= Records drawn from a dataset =

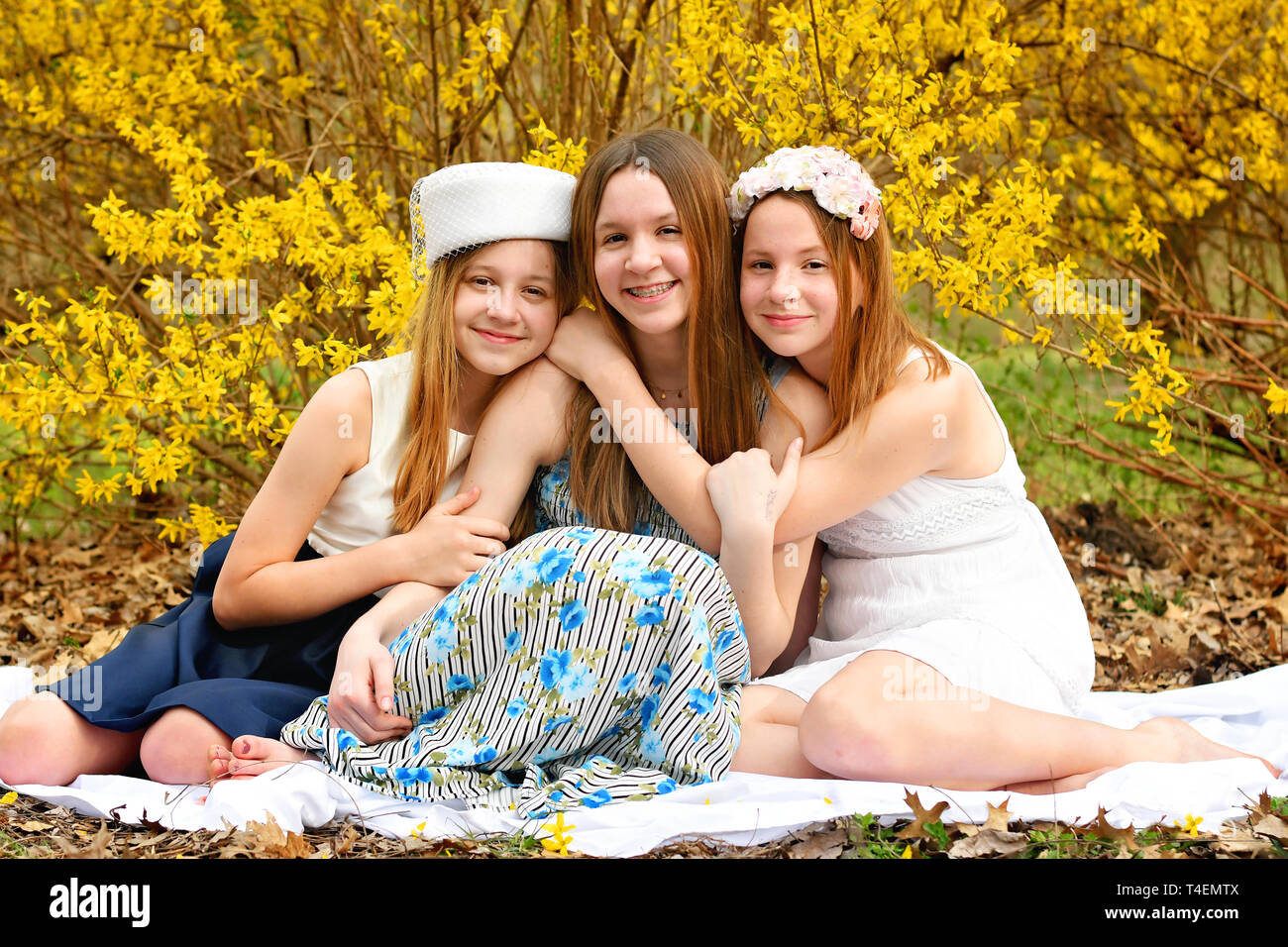 Young girls Spring portrait forsythia backdrop Stock Photo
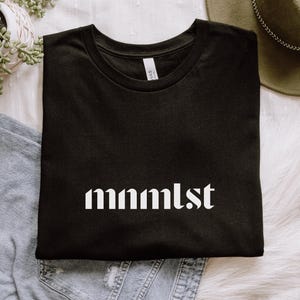 A minimalist typographic design that reads "mnmlst". Design is white on a Black Bella+Canvas 3001 t-shirt. Garment is folded with jeans, fedora and succulent plant on a white background.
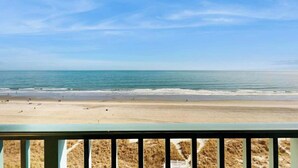 A beach view from a balcony with a railing, sandy beach, and ocean. - Verandas Unit 803 Condo (North Myrtle Beach)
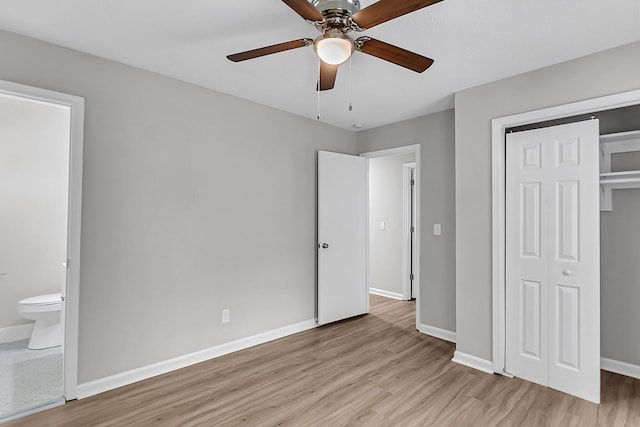 unfurnished bedroom featuring a closet, connected bathroom, light wood-style floors, ceiling fan, and baseboards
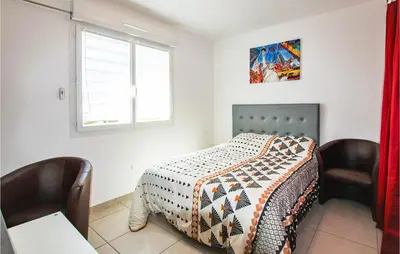 a bedroom with a bed with two chairs and a window at Gorgeous Home In Aubignan in Aubignan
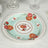 Floral decorative plate with roses on a light blue background.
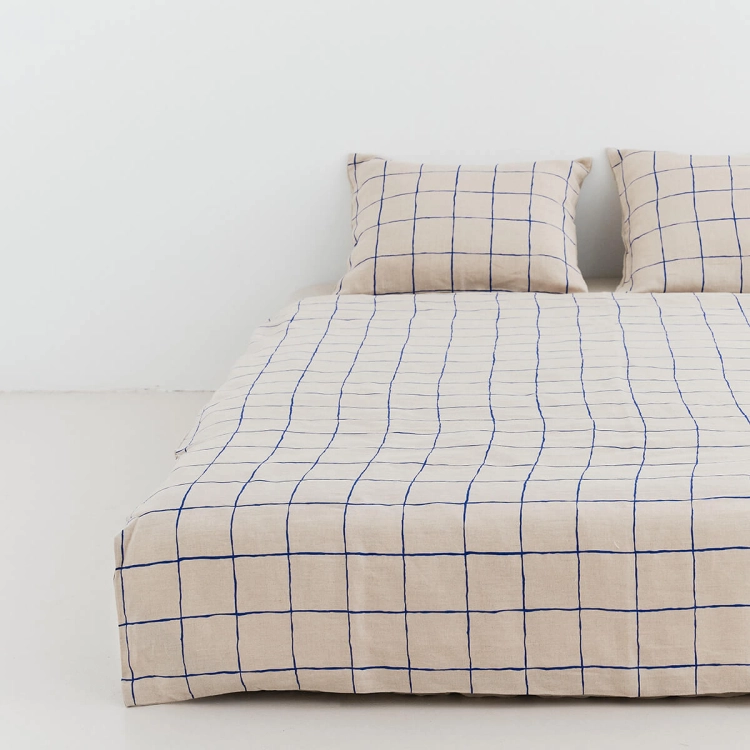 ByMoana23.118956.jpg Lniana pościel naturalna w granatową kartę leży na łóżku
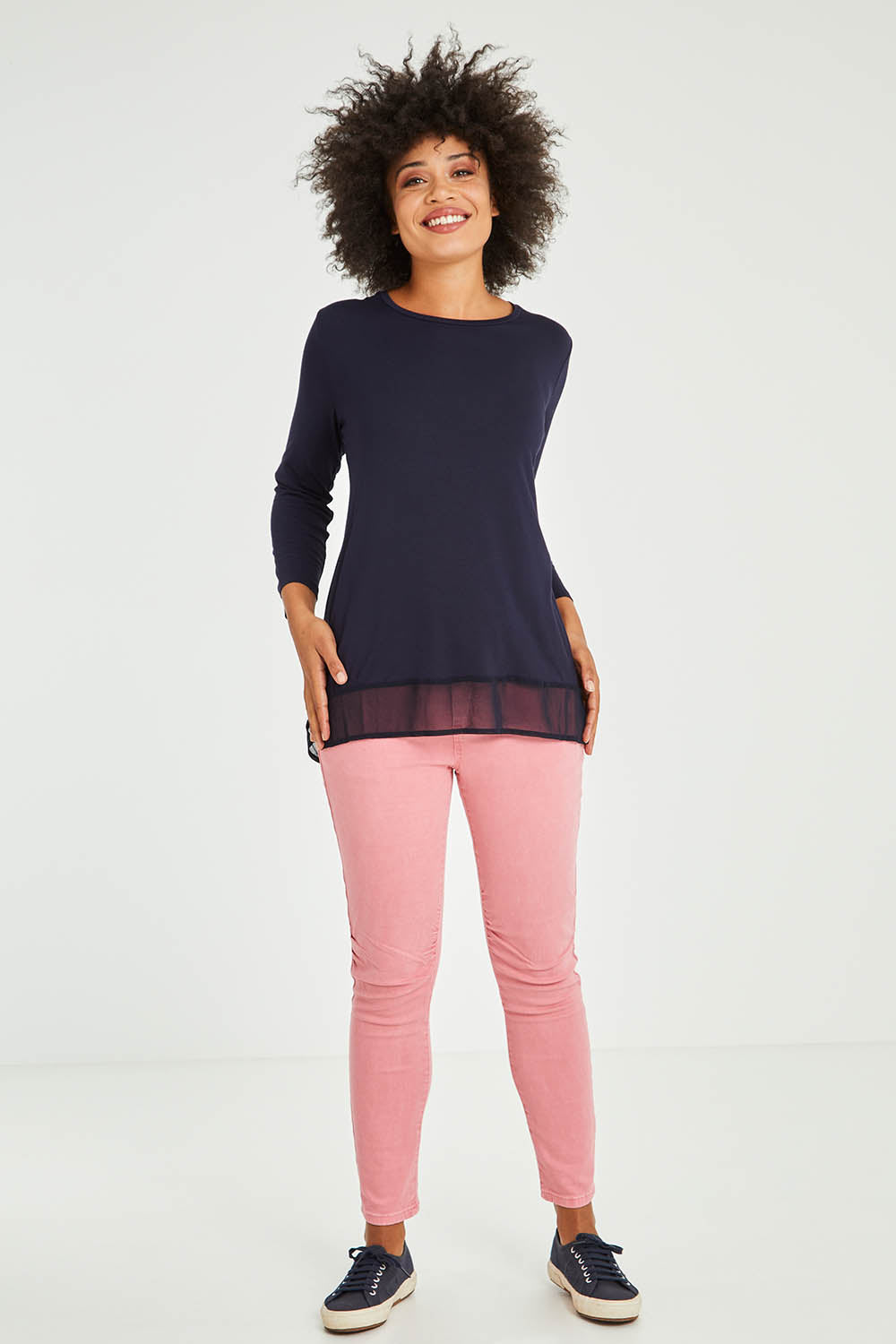 Model Olivia wearing size S of the L/S Georgette Hem Top in colour Navy (Blue), from the front, showing the whole outfit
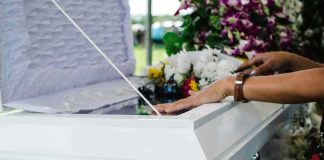hands resting on a white casket with flowers nearby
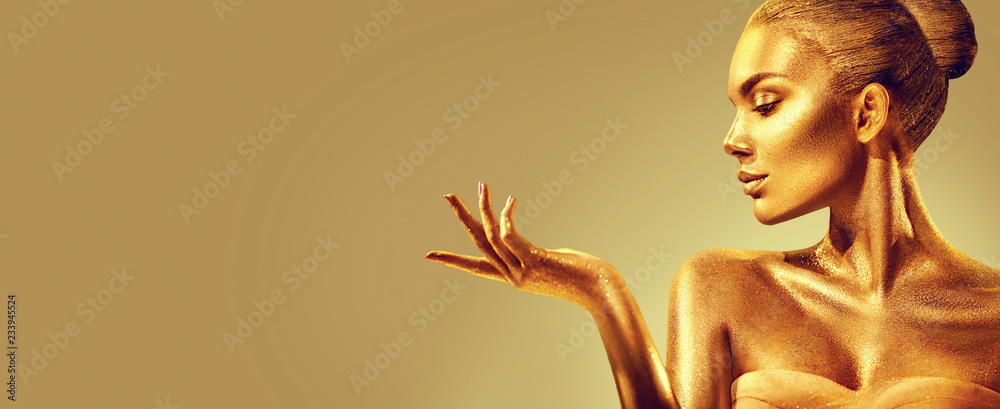 Golden woman. Beauty fashion model girl with golden skin, makeup, hair and jewellery on gold background. Fashion art portrait - obrazy, fototapety, plakaty 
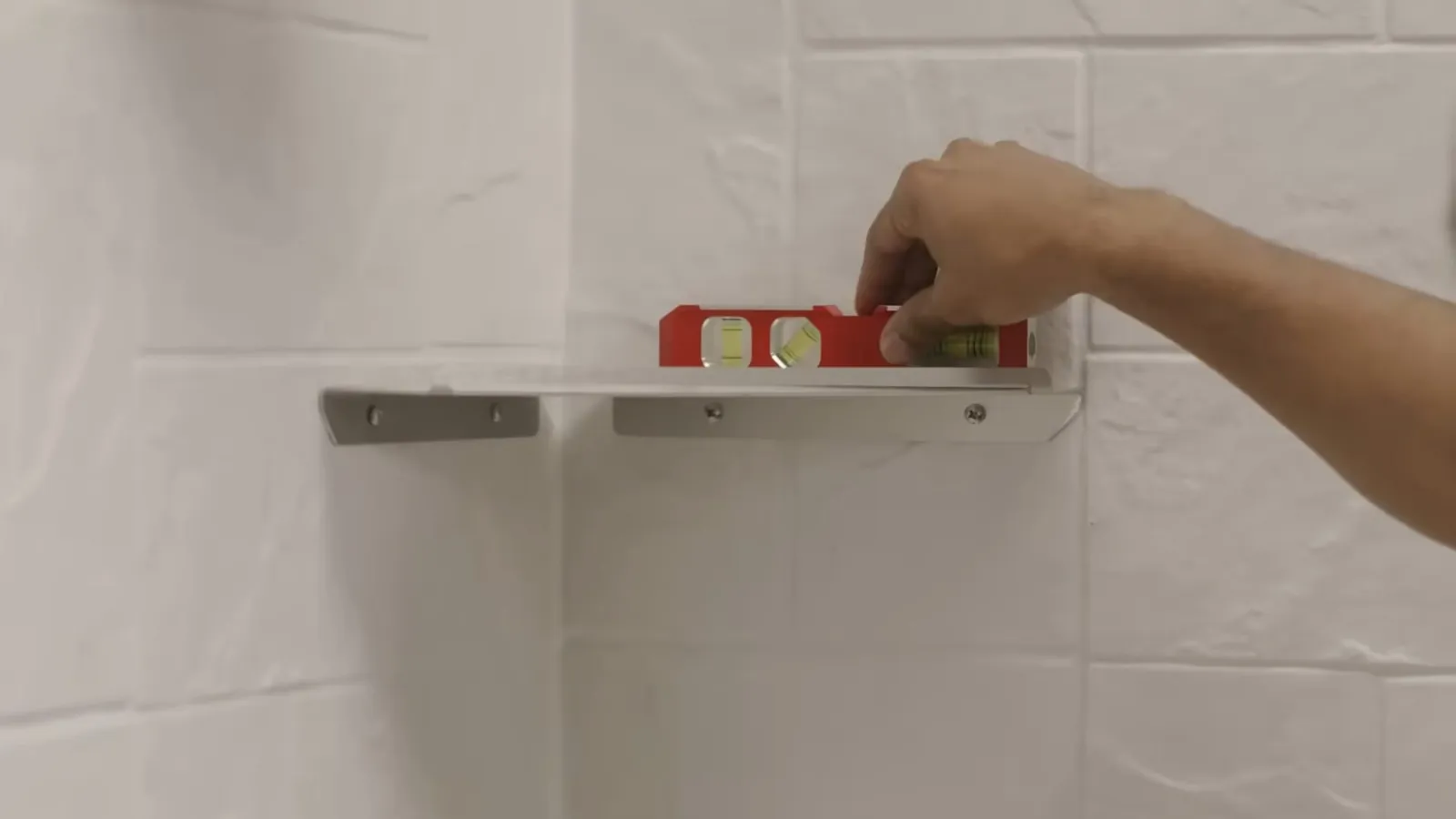 Bathroom fixture leveled against a wall during a remodel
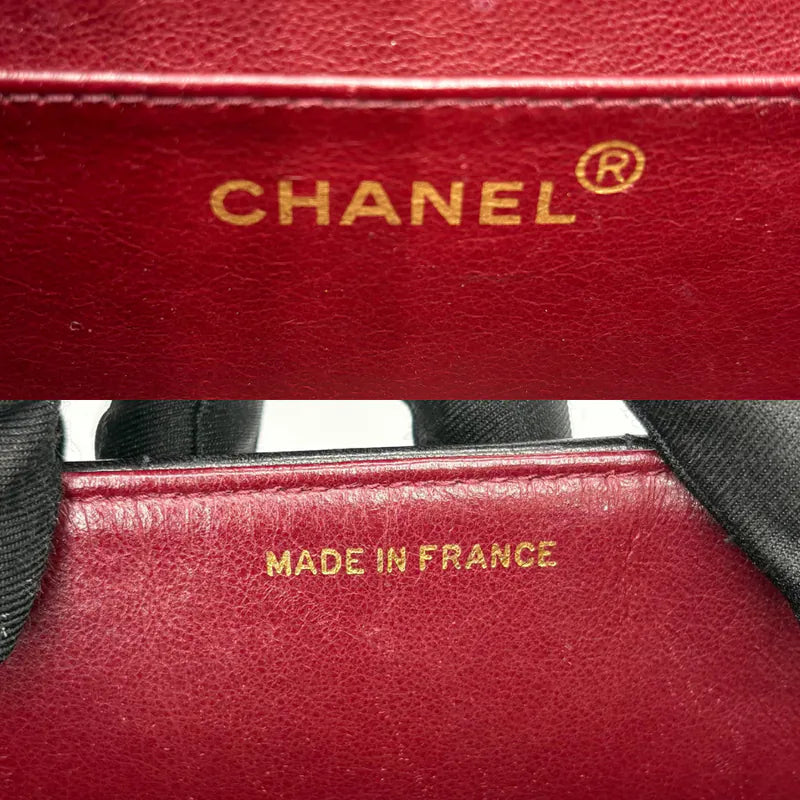 RG014 - CHANEL Vintage Black Lambskin Vertical Flap Bag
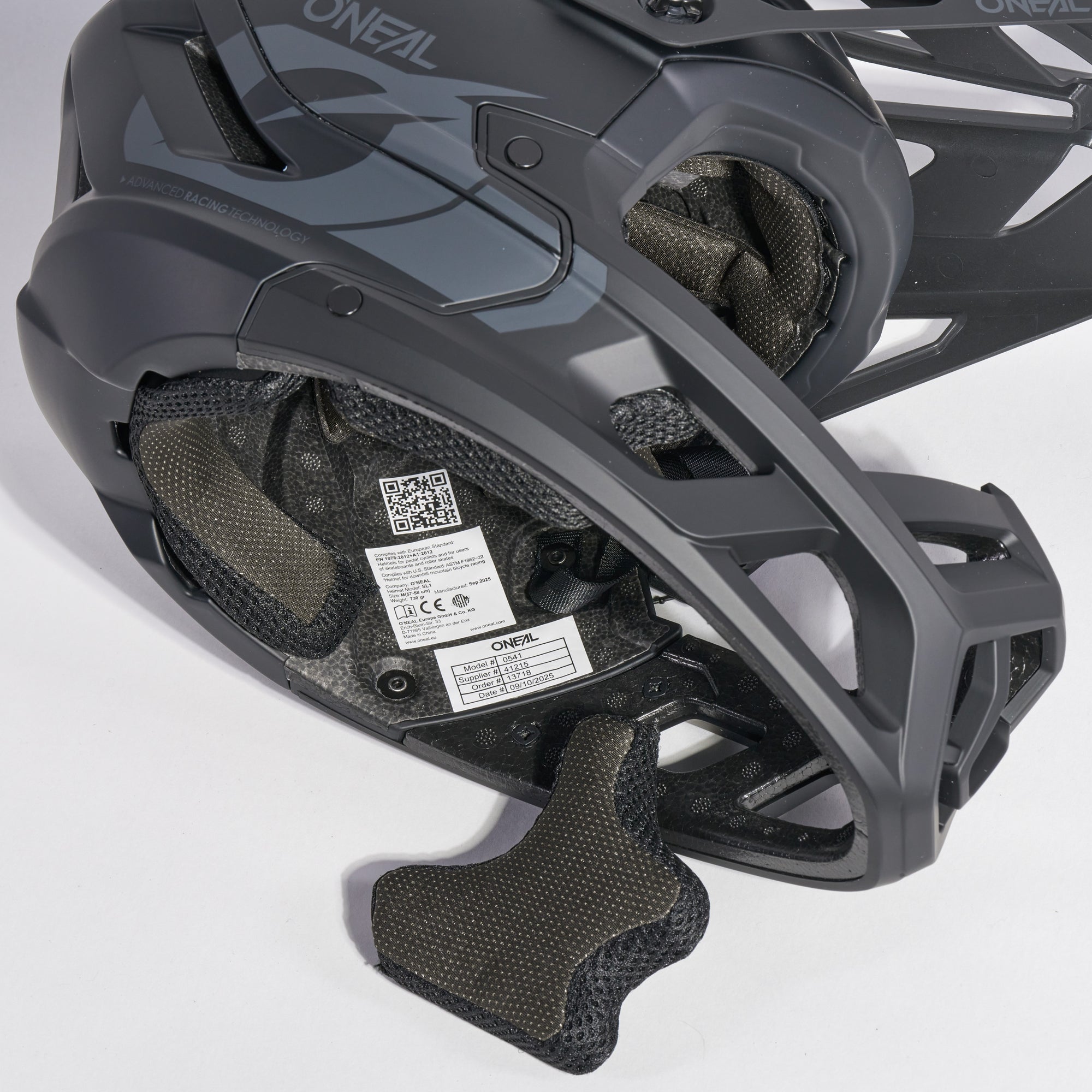 Nahaufnahme eines schwarz-grauen O'Neal-Fahrradhelms, die die Innenpolsterung, den Kinnschutz und ein QR-Code-Etikett im Inneren des Helms zeigt. Der Helm ruht auf einer weißen Fläche.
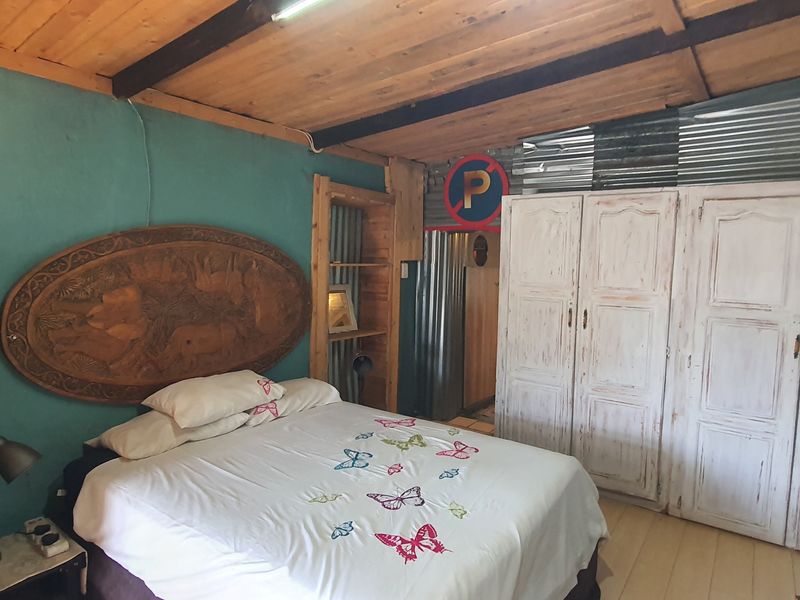 A rustic bedroom featuring an exposed timber ceiling, built-in wardrobe, and corrugated metal wall accents, requiring cosmetic updates to improve the overall finish.
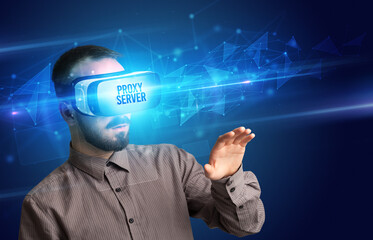 Businessman looking through Virtual Reality glasses, virtual security concept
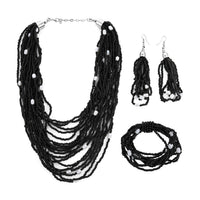 Black Seed Beaded, Simulated Pearl Multi Layered Necklace 20 Inches and Dangle Earrings and Stretch Bracelet in Stainless Steel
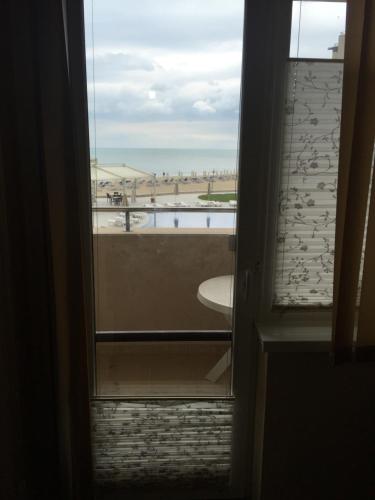 a view of a beach from a room with a window at First Line Apartment at Obzor in Obzor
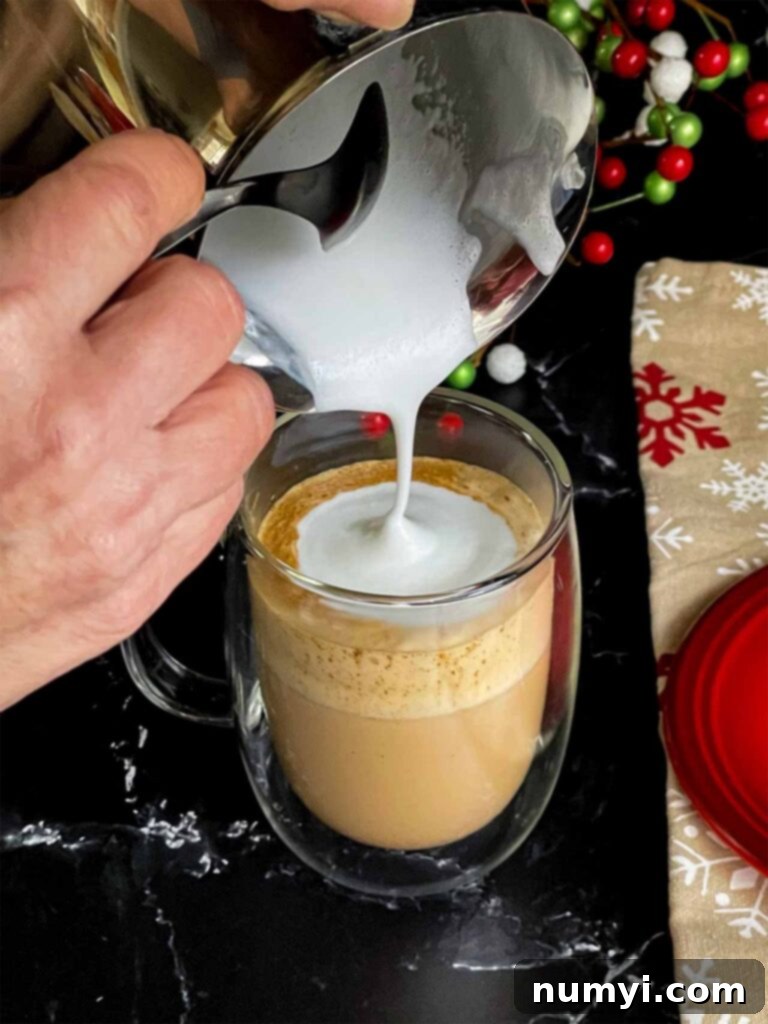Craft Your Own Holiday Spice Flat White 9 Expertly poured steamed milk and foam creating the signature dot in a glass mug with espresso and spices.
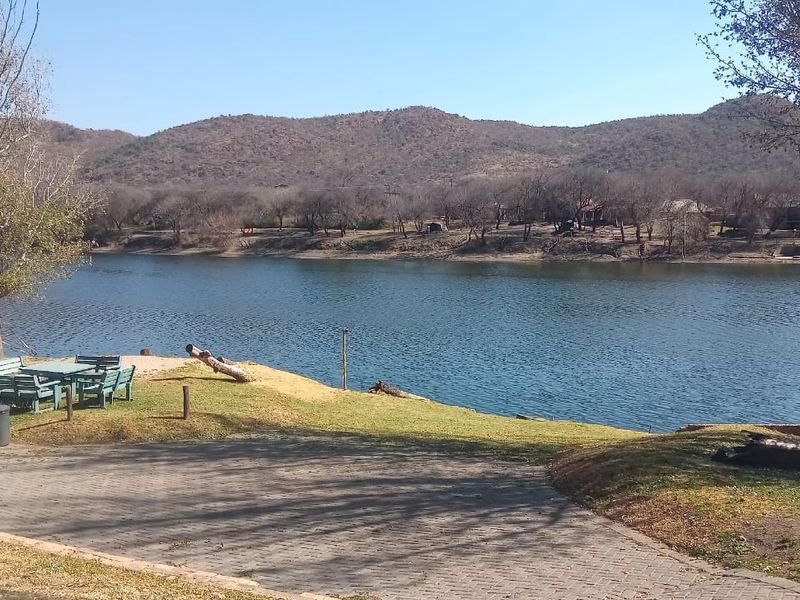 Scenic view of the river and surrounding landscape from the property, featuring a paved driveway area leading towards the water's edge.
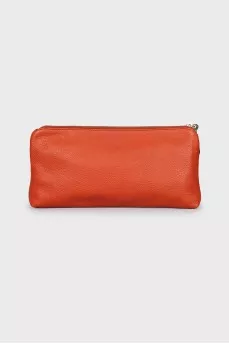 Orange leather clutch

= Exercise instructions =
All entries above are to be restated exactly, with every image omitted.

= Answer for the task =
 Young girls Spring portrait forsythia backdrop Stock Photo
 A minimalist typographic design that reads "mnmlst". Design is white on a Black Bella+Canvas 3001 t-shirt. Garment is folded with jeans, fedora and succulent plant on a white background.
 A beach view from a balcony with a railing, sandy beach, and ocean. - Verandas Unit 803 Condo (North Myrtle Beach)
 unfurnished bedroom featuring a closet, connected bathroom, light wood-style floors, ceiling fan, and baseboards
 a bedroom with a bed with two chairs and a window at Gorgeous Home In Aubignan in Aubignan
 Floral decorative plate with roses on a light blue background.
 ByMoana23.118956.jpg Lniana pościel naturalna w granatową kartę leży na łóżku
 Model Olivia wearing size S of the L/S Georgette Hem Top in colour Navy (Blue), from the front, showing the whole outfit
hands resting on a white casket with flowers nearby
 Golden woman. Beauty fashion model girl with golden skin, makeup, hair and jewellery on gold background. Fashion art portrait - obrazy, fototapety, plakaty 
 Bathroom fixture leveled against a wall during a remodel
 RG014 - CHANEL Vintage Black Lambskin Vertical Flap Bag
 Nahaufnahme eines schwarz-grauen O'Neal-Fahrradhelms, die die Innenpolsterung, den Kinnschutz und ein QR-Code-Etikett im Inneren des Helms zeigt. Der Helm ruht auf einer weißen Fläche.
 A rustic bedroom featuring an exposed timber ceiling, built-in wardrobe, and corrugated metal wall accents, requiring cosmetic updates to improve the overall finish.
 Businessman looking through Virtual Reality glasses, virtual security concept
 Black Seed Beaded, Simulated Pearl Multi Layered Necklace 20 Inches and Dangle Earrings and Stretch Bracelet in Stainless Steel
 a view of a beach from a room with a window at First Line Apartment at Obzor in Obzor
Craft Your Own Holiday Spice Flat White 9 Expertly poured steamed milk and foam creating the signature dot in a glass mug with espresso and spices.
 Scenic view of the river and surrounding landscape from the property, featuring a paved driveway area leading towards the water's edge.
 Orange leather clutch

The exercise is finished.